Roger: What's this? Dad must have accidentally left a hamburger on the grill last night. That man could do the most unbelievable things.
Coming up next: the race to the bathroom, and to find some Maalox…
You are both assuming it actually was a hamburger and not something else. Have eaten the “oreo filling chips” that I found on the washer one afternoon I have sort of been there, done that, except the “filling” turned out to be some dribbles of the baking soda and ammonia mix Mom had made to put on my sister’s beesting.
Well, now we know why you dwell in a coffin: early eating habits leading to an early demise. :)
Just needs a little BBQ sauce, a slice of raw onion, some pickles, and a bun. The proper additions can make even a “veggie” burger edible.

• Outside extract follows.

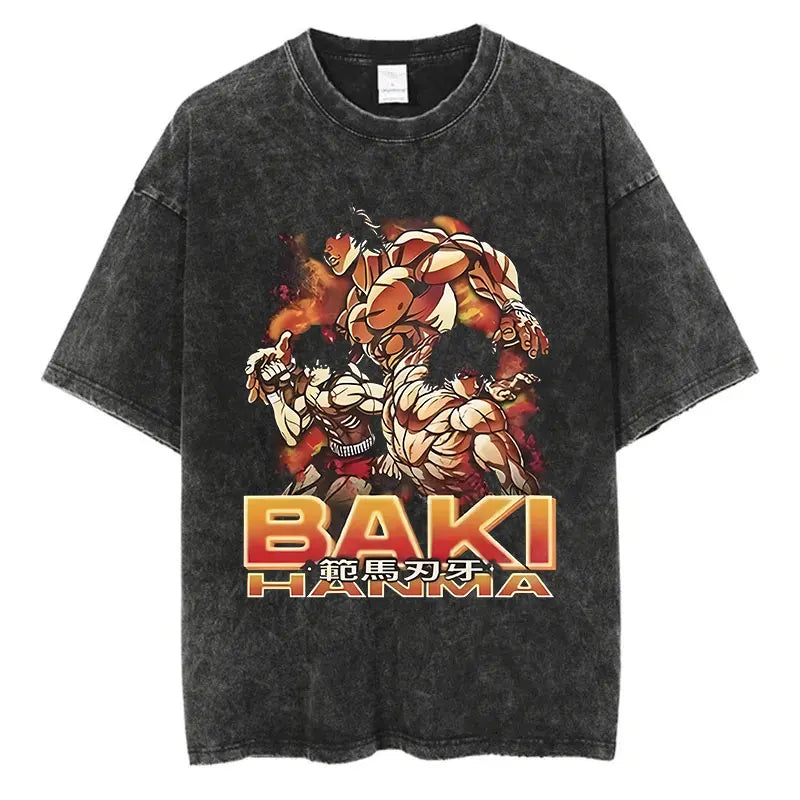 Baki Hanma Harajuku Vintage Washed Tee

Welcome to my new restaurant: Sam and Ella’s!
The French-fry rule is three years.
Bargrove - then I’ve got some treats for you behind my car’s seats. Traveling long distances with little kids provides lots of that sort of thing…
Hey! veggie burgers are yummy Way better than dead animal flesh. Shudder.
You guys forget: the dad cooks things to a crisp. Any bacteria that lived in there died long ago - and nothing else could find a surface to start growing on!
Later on: Roger: Andy? Have you seen the charcoal briquette I left on the BBQ?